Timeline and Resources
Timeline and Milestones
The research timeline spans thirteen months from October 2025 through October 2026. The work proceeds through overlapping phases that balance focused investigation with opportunities for iteration.
Research timeline showing parallel and sequential workstreams across four thrusts. Literature review and dataset construction establish foundations. Causal analysis, mitigation, and safety evaluation proceed in overlapping phases. Continuous quality assurance and writing ensure integration across components.
Phase 1: Foundation (October 2025 - January 2026)
The initial phase establishes foundations through comprehensive literature review and dataset construction. Literature review proceeds iteratively rather than as a front-loaded exercise. As I encounter challenges in later phases, I revisit the literature with more specific questions.
Dataset audit ensures quality through multiple validation passes, with radiologist review concentrated in November and December to establish annotation reliability before experimental work begins.
Phase 2: Measurement (November 2025 - March 2026)
Thrust 1 measurement work overlaps with dataset construction, enabling rapid iteration as I discover edge cases requiring additional annotation. By mid-December, I transition from dataset refinement to systematic measurement of phrasing-sensitive failure and Misleading Explanation Effect across baseline models.
This five-month window provides sufficient time for extensive evaluation across multiple models, paraphrase strategies, and clinical scenarios.
Phase 3: Causal Analysis (January - June 2026)
Thrust 2 causal analysis begins once I have stable measurements of failure modes. The six-month duration reflects the exploratory nature of mechanistic interpretability work. I expect to iterate between different intervention strategies as results reveal unexpected complexity in how linguistic variation propagates through model components.
Starting this phase while Thrust 1 continues enables me to target causal investigations toward the most prevalent failure patterns.
Phase 4: Mitigation (March - August 2026)
Thrust 3 mitigation overlaps substantially with causal analysis, allowing insights from mechanistic investigations to inform intervention design. The six-month duration accommodates both theoretical framework development and practical implementation through parameter-efficient fine-tuning.
I expect multiple training runs as I refine hyperparameters and discover which combinations of techniques work best for different failure modes.
Phase 5: Safety Evaluation (May - October 2026)
Thrust 4 safety evaluation integrates adapted models into realistic deployment scenarios. The six-month window allows time for careful collaboration with radiologists, iterative refinement of selective prediction thresholds, and documentation of when models should defer to human expertise.
This phase begins late enough to incorporate mitigation strategies from Thrust 3 but early enough to influence final model design if safety evaluation reveals unexpected issues.
Required Resources and Current Availability
The majority of critical infrastructure is already secured through institutional resources, with modest additional funding needed primarily for API access and conference dissemination.
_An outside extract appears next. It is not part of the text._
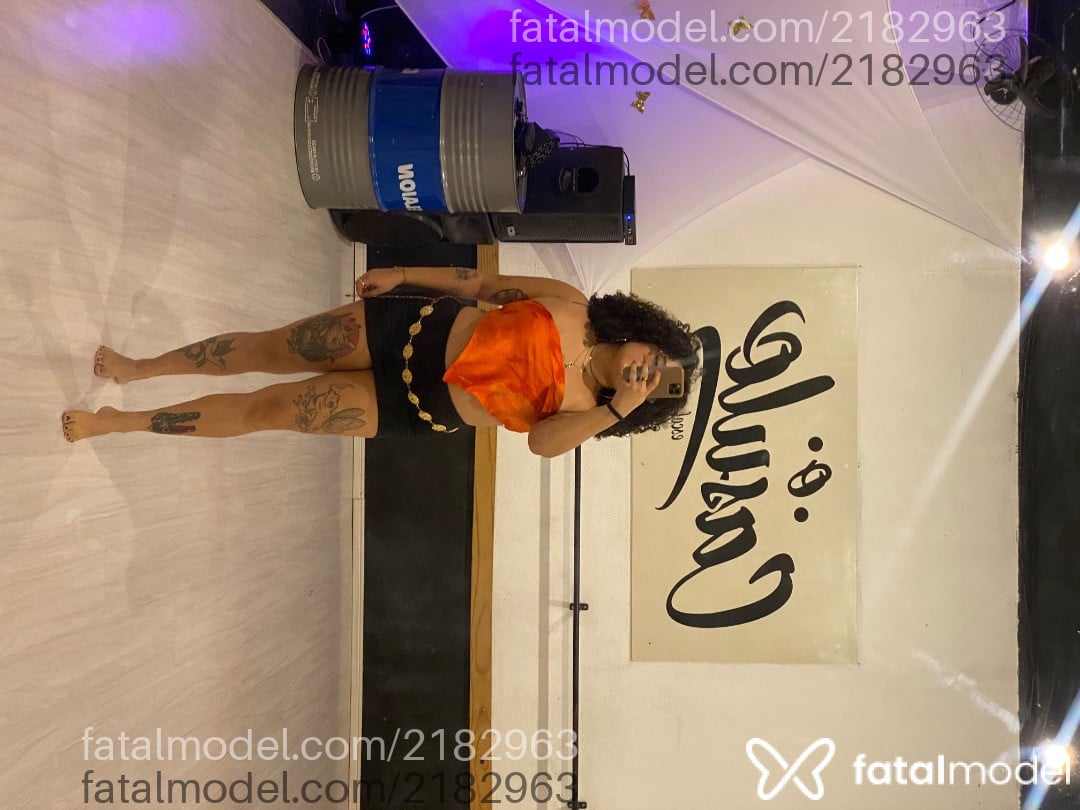 Acompanhante mulher com cabelo castanho de olhos castanhos - Manu Ferrez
Computational Infrastructure
| Resource | Requirements | Status |
|---|---|---|
| GPU compute | 8× NVIDIA A100 80GB | Available (shared cluster) |
| Storage | 2TB fast SSD for datasets | Available |
| Memory | 256GB RAM for preprocessing | Available |
| Network | High-bandwidth for model downloads | Available |
Datasets and Models
| Resource | Requirements | Status |
|---|---|---|
| MIMIC-CXR | Access credentials | Obtained (PhysioNet) |
| Chest ImaGenome | Annotations and regions | Downloaded |
| MedGemma-4b-it | Model weights (16GB) | Downloaded |
| LLaVA-Rad | Model weights (14GB) | Downloaded |
Software and Tools
| Resource | Requirements | Status |
|---|---|---|
| PyTorch 2.0+ | Deep learning framework | Installed |
| Transformers library | Model implementations | Installed |
| Weights & Biases | Experiment tracking | Edu Licensed |
| Medical imaging tools | DICOM processing (pydicom, nibabel) | Available |
Human Resources
| Resource | Requirements | Status |
|---|---|---|
| Radiologist validation | 20 hours for review | Committed |
| Technical mentorship | Architecture and methods guidance | Ongoing |
Additional Needs
| Resource | Requirements | Status |
|---|---|---|
| OpenAI API access | Paraphrase generation ($2500 estimated) | Required |
| Cloud compute credits | Scalability experiments ($500 estimated) | Requested |
| Conference travel | CVPR, ICML presentations | Pending funding |
Resource Summary
The combination of university infrastructure, public datasets, open-source tools, and focused human expertise provides a sufficient foundation for this investigation. The most critical need is funding for API access to generate diverse paraphrases and some conference travel support to disseminate results.